YOUR GOAL >> Copy the listing in full and exactly, omitting its images.

DATASET EXTRACT >>
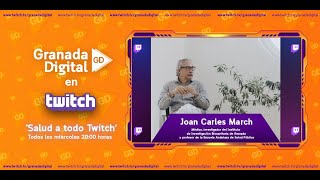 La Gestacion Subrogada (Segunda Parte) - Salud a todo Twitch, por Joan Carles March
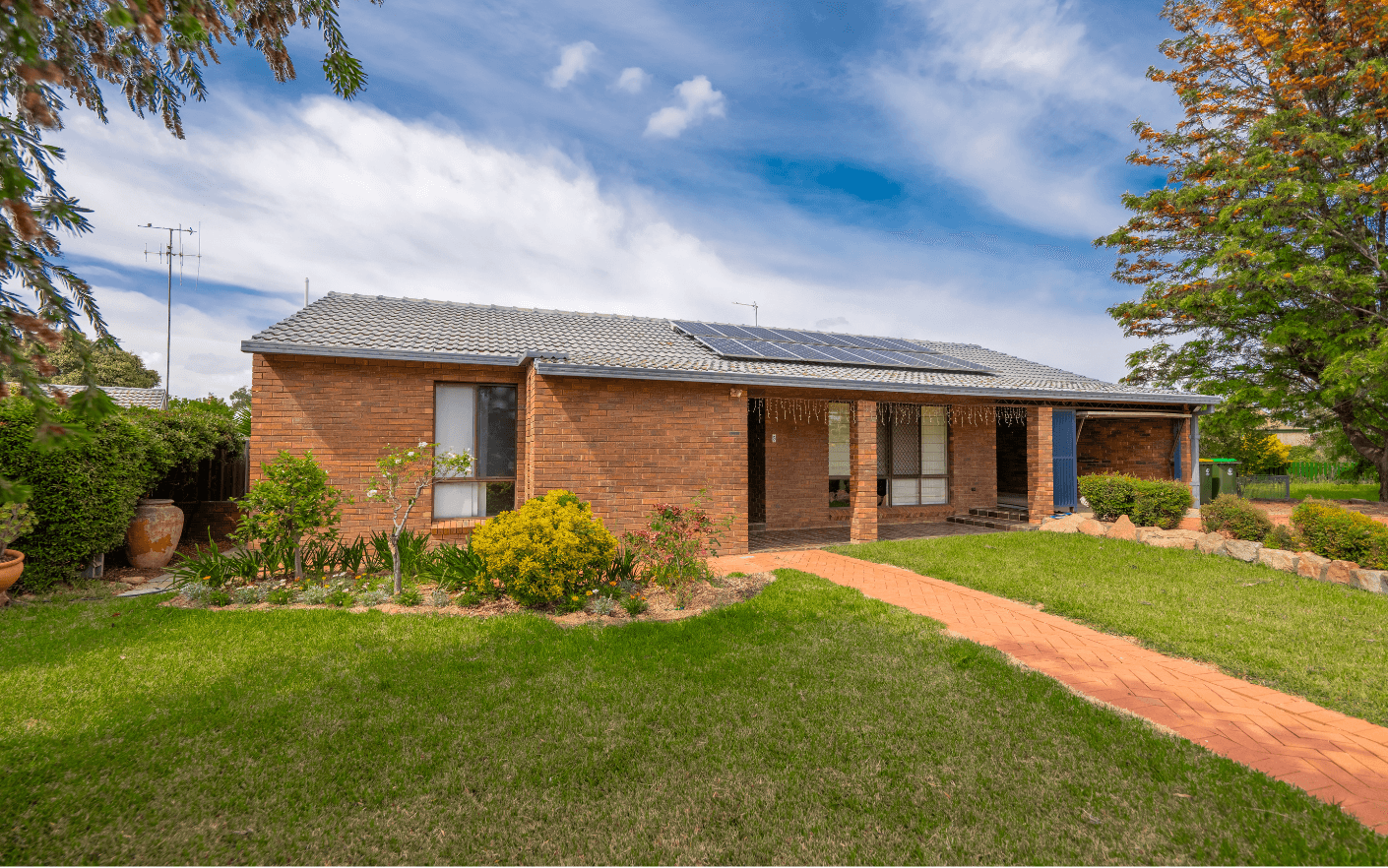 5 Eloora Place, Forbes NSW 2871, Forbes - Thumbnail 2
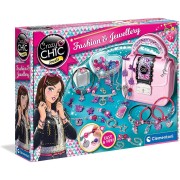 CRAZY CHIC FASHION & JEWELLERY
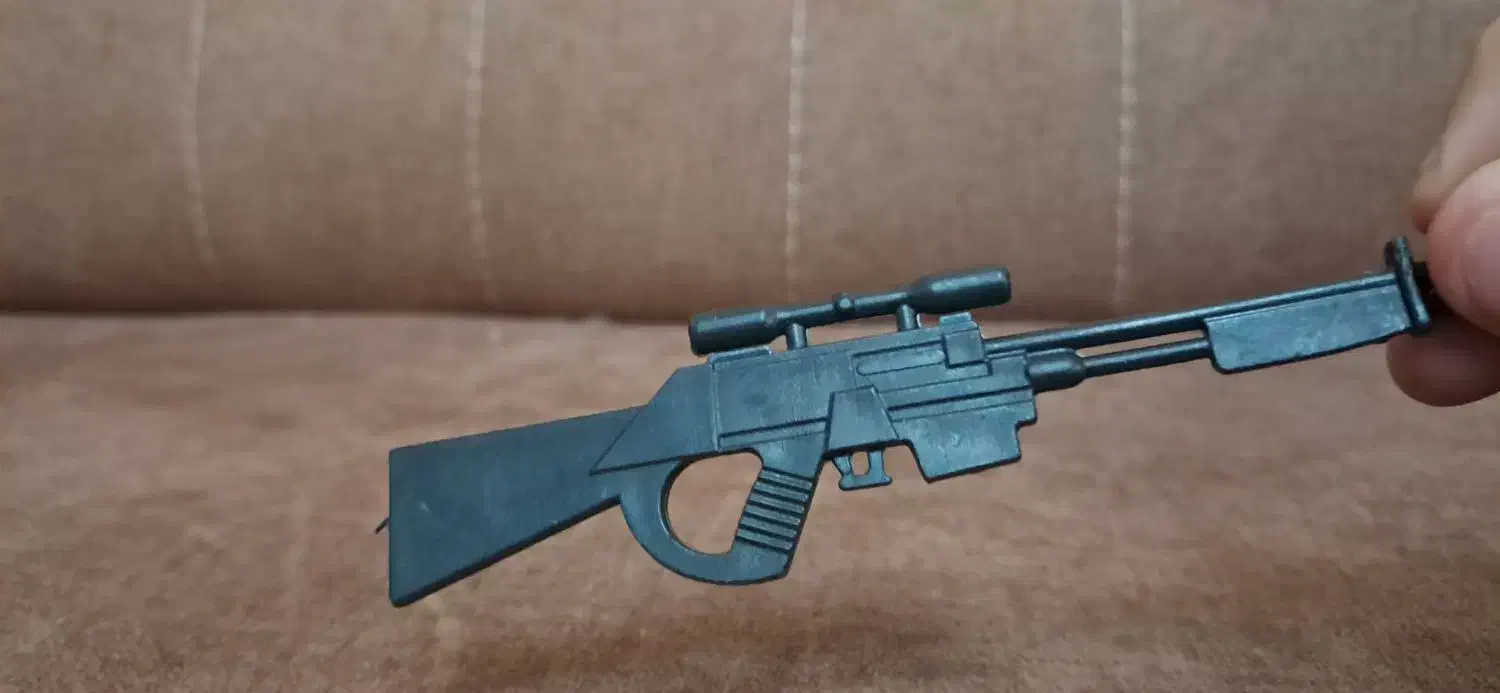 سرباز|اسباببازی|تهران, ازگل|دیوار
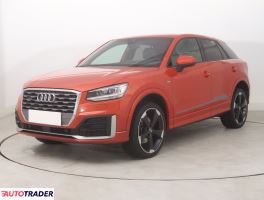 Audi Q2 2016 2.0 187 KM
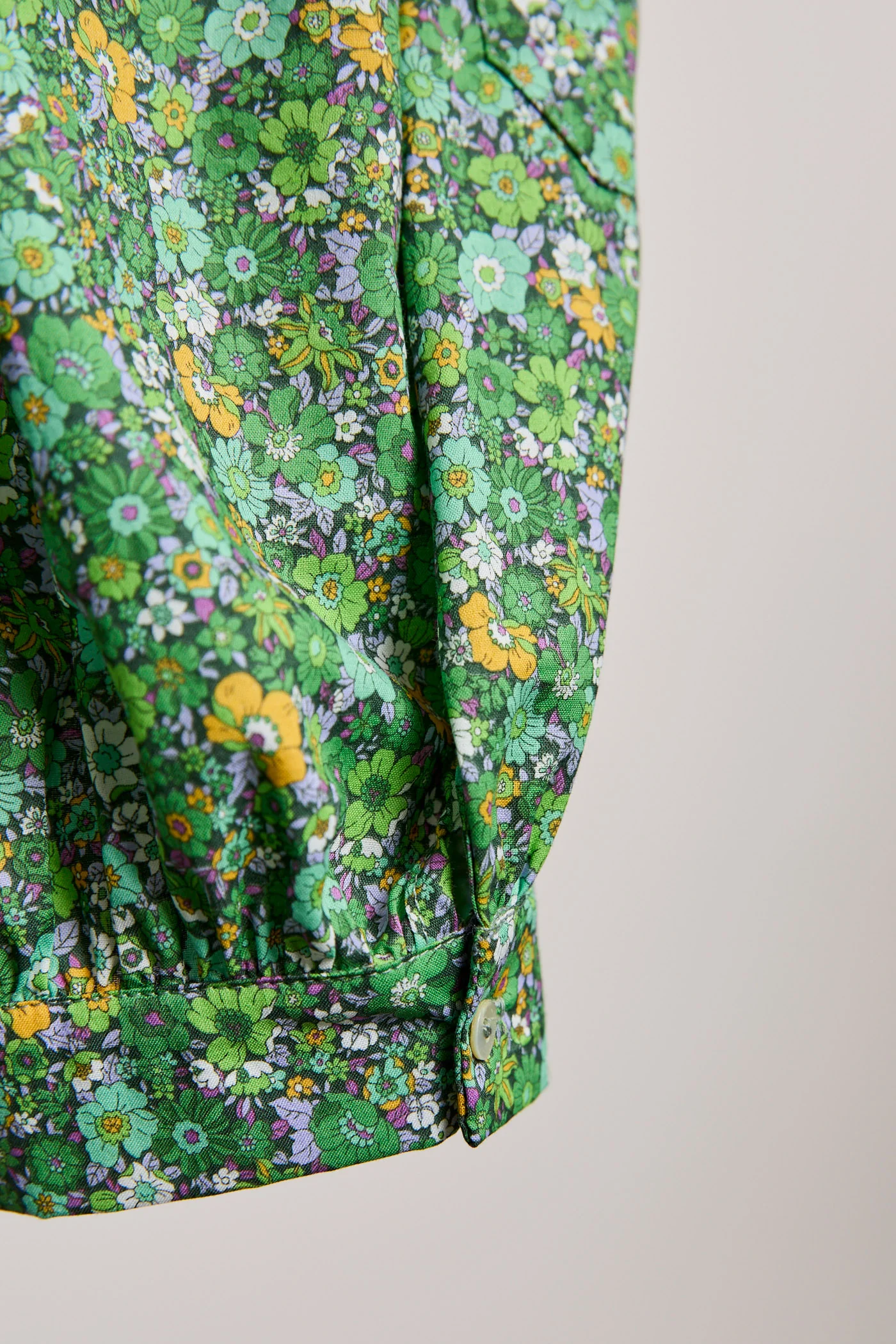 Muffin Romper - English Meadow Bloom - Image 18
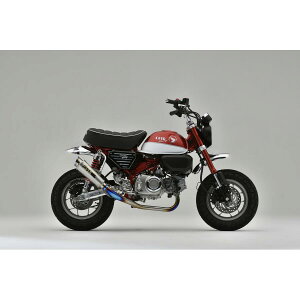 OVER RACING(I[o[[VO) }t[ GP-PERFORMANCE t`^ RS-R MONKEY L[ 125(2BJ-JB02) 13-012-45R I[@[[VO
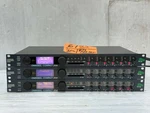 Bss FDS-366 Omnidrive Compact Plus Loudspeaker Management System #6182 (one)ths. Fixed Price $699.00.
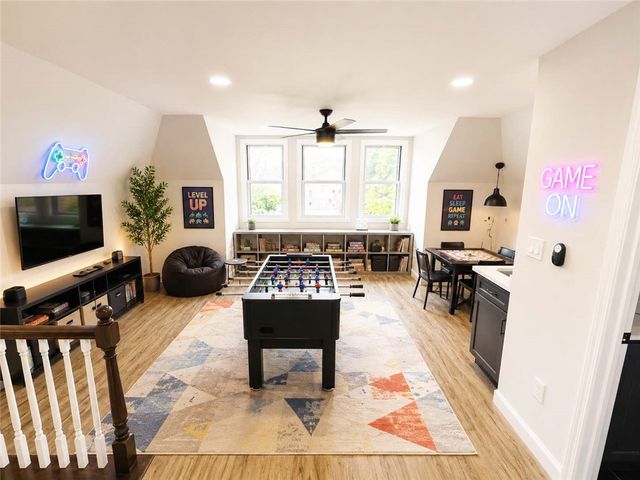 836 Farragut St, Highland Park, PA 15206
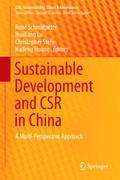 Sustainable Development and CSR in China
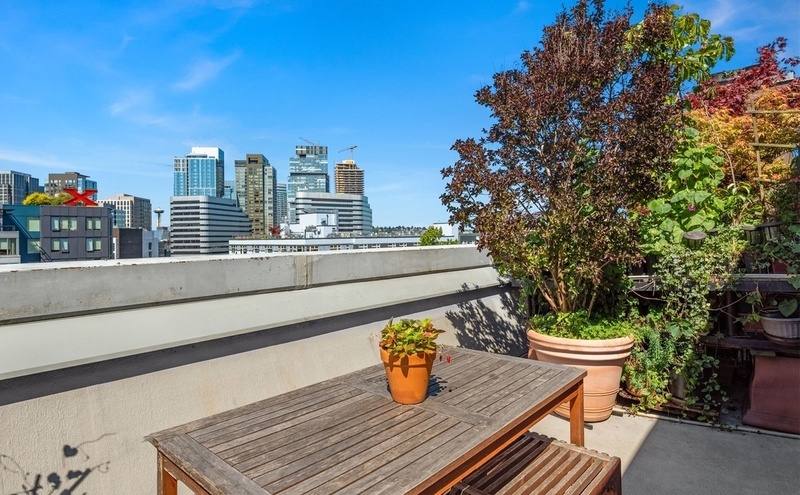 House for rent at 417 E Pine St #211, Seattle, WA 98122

REPLY >>
 La Gestacion Subrogada (Segunda Parte) - Salud a todo Twitch, por Joan Carles March
 5 Eloora Place, Forbes NSW 2871, Forbes - Thumbnail 2
 CRAZY CHIC FASHION & JEWELLERY
 سرباز|اسباببازی|تهران, ازگل|دیوار
 Audi Q2 2016 2.0 187 KM
 Muffin Romper - English Meadow Bloom - Image 18
 OVER RACING(I[o[[VO) }t[ GP-PERFORMANCE t`^ RS-R MONKEY L[ 125(2BJ-JB02) 13-012-45R I[@[[VO
 Bss FDS-366 Omnidrive Compact Plus Loudspeaker Management System #6182 (one)ths. Fixed Price $699.00.
 836 Farragut St, Highland Park, PA 15206
 Sustainable Development and CSR in China
 House for rent at 417 E Pine St #211, Seattle, WA 98122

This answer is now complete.